▶ [REQUIRED WORK] Under this line is a listing; return exactly the lines starting at the one with "The first step" and running down to the one with "So I'll enter", and leave out its pictures.

▶ [DATASET RECORDS]

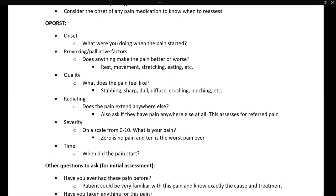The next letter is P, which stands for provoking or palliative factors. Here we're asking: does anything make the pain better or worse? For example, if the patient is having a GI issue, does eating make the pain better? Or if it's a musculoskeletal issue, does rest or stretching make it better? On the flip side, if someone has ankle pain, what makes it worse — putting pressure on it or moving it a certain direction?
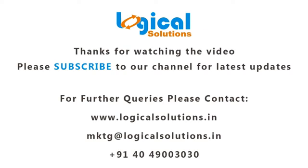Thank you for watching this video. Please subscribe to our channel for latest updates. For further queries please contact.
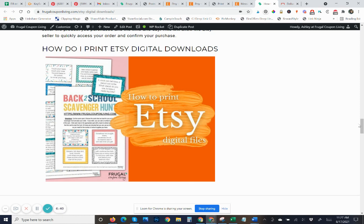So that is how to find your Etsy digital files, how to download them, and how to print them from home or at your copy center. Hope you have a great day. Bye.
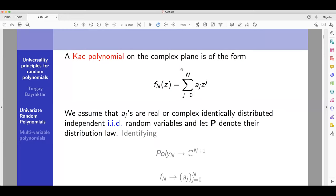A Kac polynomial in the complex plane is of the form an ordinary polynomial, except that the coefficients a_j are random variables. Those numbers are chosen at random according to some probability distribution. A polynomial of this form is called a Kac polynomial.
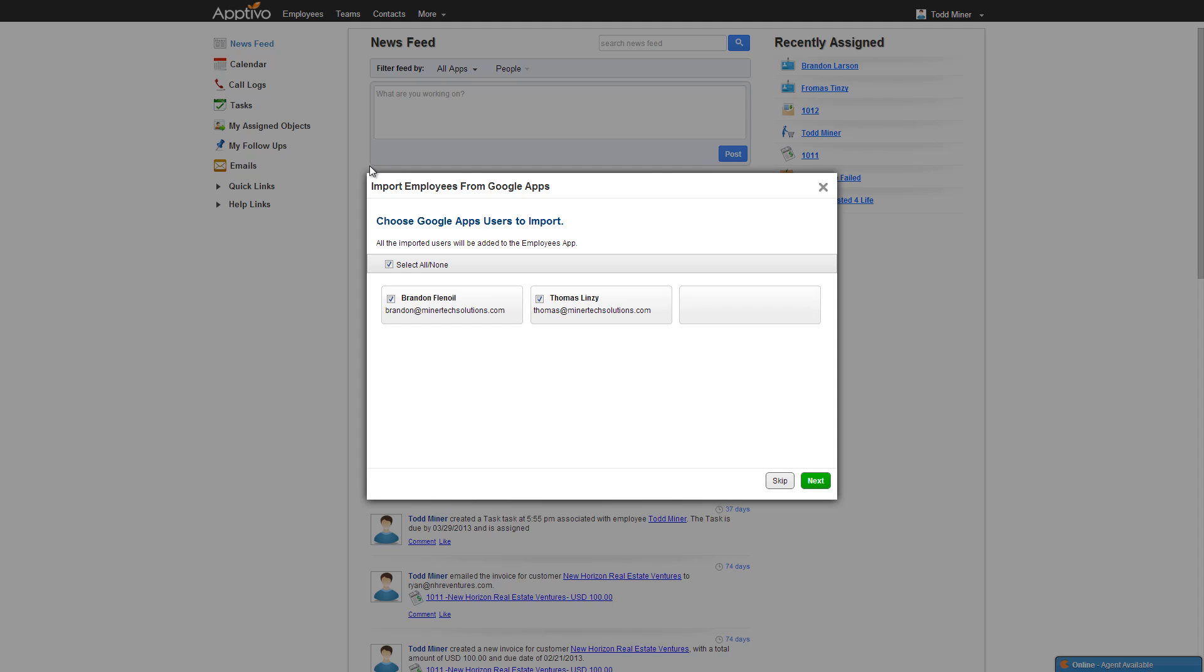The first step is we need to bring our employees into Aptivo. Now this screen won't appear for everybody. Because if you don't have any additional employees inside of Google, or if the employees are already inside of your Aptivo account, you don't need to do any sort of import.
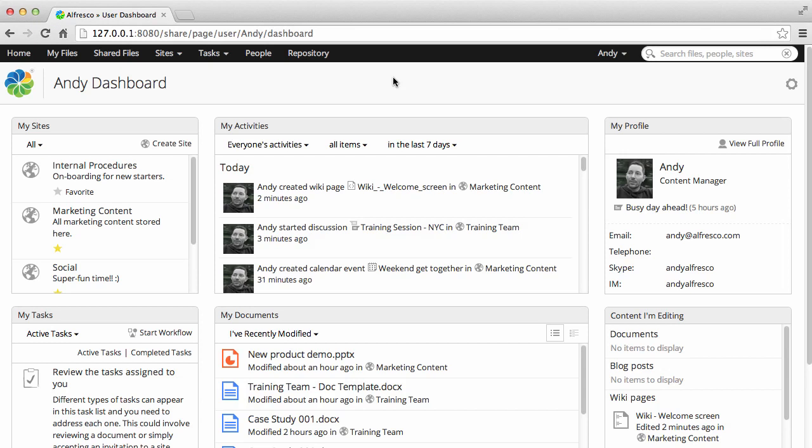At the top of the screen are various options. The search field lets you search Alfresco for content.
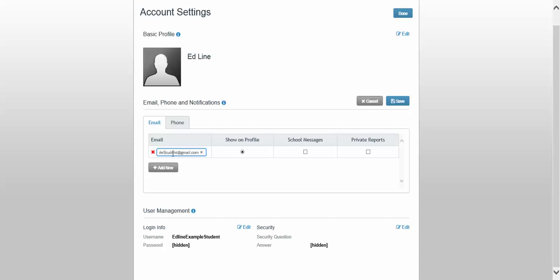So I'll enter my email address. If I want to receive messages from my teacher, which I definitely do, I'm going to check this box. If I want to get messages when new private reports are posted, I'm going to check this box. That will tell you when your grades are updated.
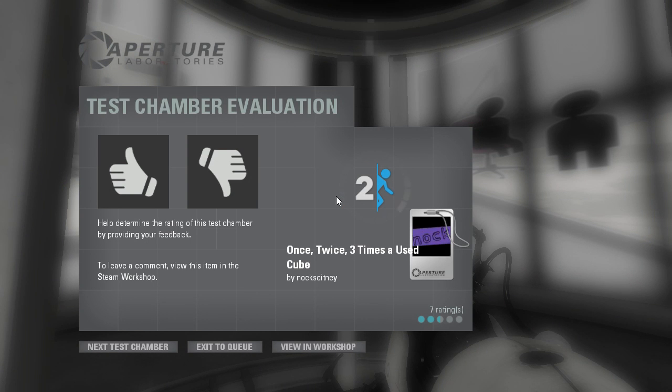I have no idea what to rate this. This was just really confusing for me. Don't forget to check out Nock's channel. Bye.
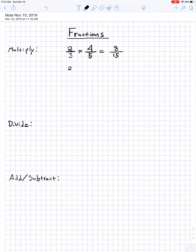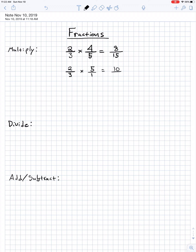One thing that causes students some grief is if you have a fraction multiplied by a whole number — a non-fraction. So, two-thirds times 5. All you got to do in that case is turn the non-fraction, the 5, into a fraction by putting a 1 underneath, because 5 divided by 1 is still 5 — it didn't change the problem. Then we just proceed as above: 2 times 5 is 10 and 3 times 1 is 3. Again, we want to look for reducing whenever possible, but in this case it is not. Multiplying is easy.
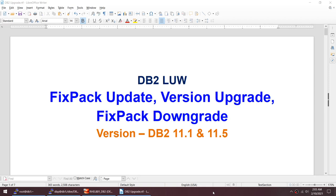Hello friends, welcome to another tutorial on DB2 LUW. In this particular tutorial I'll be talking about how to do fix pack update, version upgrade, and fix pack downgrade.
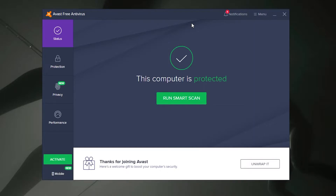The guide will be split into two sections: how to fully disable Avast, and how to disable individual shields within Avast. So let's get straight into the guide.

▶ [TASK RESULT]
The first step is we need to bring our employees into Aptivo. Now this screen won't appear for everybody. Because if you don't have any additional employees inside of Google, or if the employees are already inside of your Aptivo account, you don't need to do any sort of import.
At the top of the screen are various options. The search field lets you search Alfresco for content.
So I'll enter my email address. If I want to receive messages from my teacher, which I definitely do, I'm going to check this box. If I want to get messages when new private reports are posted, I'm going to check this box. That will tell you when your grades are updated.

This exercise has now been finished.